Une marée humaine a tangué de joie dimanche à la rupture du jeûne du militant anticorruption Anna Hazare, considérant que sa victoire sur le pouvoir, qui a accepté de prendre en compte ses demandes, était celle de tout un peuple redevenu «fier» d'être indien.

Des dizaines de milliers de personnes ont afflué, à pied, à moto, en rickshaw ou en taxi vers une esplanade du centre de New Delhi, pour assister à un moment «historique», sous le regard passif de forces de police débordées.

Sous une chaleur moite de fin de mousson, les partisans en sueur arboraient des drapeaux indiens et s'étaient coiffés d'une calotte blanche, la même que portait Gandhi et remise au goût du jour par Anna Hazare, fervent admirateur du héros de l'indépendance.

«C'est un jour historique pour le pays. Le gouvernement a complètement échoué. Maintenant, il va devoir rendre des comptes au peuple», assurait un militant de 36 ans qui n'a donné que son prénom, Paresh. «Hazare représente l'homme de la rue. Sa victoire est notre victoire».

Les partisans se targuaient aussi d'avoir fait plier l'État sans violence.

«Nous ne sommes pas à Londres! Ici, rien n'a été cassé. C'est une révolution qui s'est déroulée pacifiquement», soulignait Rahul Karan, un ingénieur en informatique de 31 ans, faisant allusion aux récentes émeutes dans la capitale britannique.

Puis la voix d'Anna Hazare a retenti et la foule a retenu son souffle, avant de reprendre à l'unisson son slogan, comme un mantra religieux.

«Je jure que je ne recevrai jamais de pots-de-vin!», scandent les manifestants, levant les bras au-dessus de leur tête dans un signe de renoncement total.

«Tant de gens sont venus de tout le pays pour le soutenir, avec leur propre argent, alors que les partis politiques paient les foules pour s'assurer qu'il y aura du monde à leurs rassemblements», ironisait R.S. Mangat, consultant technique dans l'industrie papetière.
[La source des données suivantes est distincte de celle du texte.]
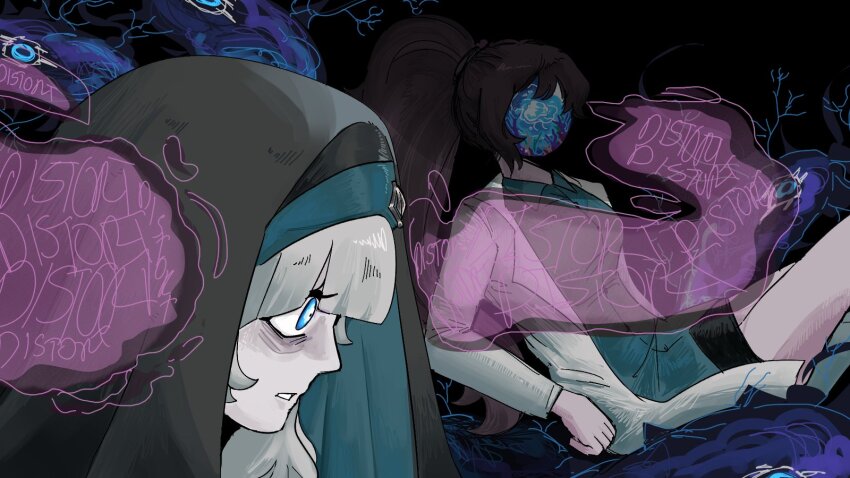 2girls, arknights, bags_under_eyes, blue_eyes, brown_hair, carmen_(project_moon), highres, hood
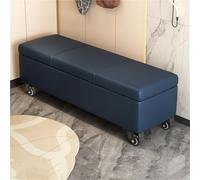 Banc de rangement rembourré avec roulettes - Entrée mobile et bout de lit - Ottomane polyvalente pour salon ou chambre à coucher (bleu, 100 cm)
«Aujourd'hui, nous sommes fiers d'être indiens. On a réussi sans aucune violence. Vive notre mère l'Inde», s'enthousiasmait cet homme de 68 ans.

Devant des dizaines de caméras de télévision, Anna Hazare a interrompu son jeûne en buvant quelques gorgées de lait de noix et de miel.

«Nous avons montré au monde comment mener une agitation pacifique. Le Parlement a dû s'incliner devant le pouvoir du peuple, mais notre lutte ne s'arrête pas là. Nous voulons changer le pays, mais dans le cadre de la Constitution», a-t-il lancé.

La veille, le militant avait accepté de cesser sa grève de la faim après avoir arraché des concessions aux parlementaires.

Sa campagne contre la corruption, dont le foudroyant succès populaire a ébranlé le gouvernement, s'était cristallisée sur un projet de loi visant à créer un poste de médiateur de la République devant surveiller les hommes politiques et les bureaucrates.

Anna Hazare exigeait le retrait du texte et l'adoption d'une version plus radicale. Il avait entamé pour cela une grève de la faim le 16 août.

Samedi, le ministre des Finances, Pranab Mukherjee, a indiqué que les parlementaires avaient accepté le principe des propositions d'Anna Hazare.

Il s'agit de la création d'un médiateur de la République dans chacun des 29 États de l'Union indienne, de la rédaction d'une «charte du citoyen» expliquant les droits du peuple et de l'extension des pouvoirs du médiateur à tous les fonctionnaires du gouvernement.

Le ministre de la Justice Salman Khurshid a félicité dimanche Anna Hazare pour son action «réussie et pacifique», ajoutant que «la société civile devrait jouer un rôle important dans le système politique du pays». «Ce mouvement a été exemplaire», a-t-il conclu.

La tactique du militant a toutefois également fait l'objet de virulentes critiques.

«L'homme qui est devenu le héros de la classe moyenne indienne est sur le plan idéologique un quasi-marxiste dans sa haine des riches et un quasi-anarchiste dans son mépris de la démocratie», écrivait ainsi un éditorialiste du quotidien Sunday Express.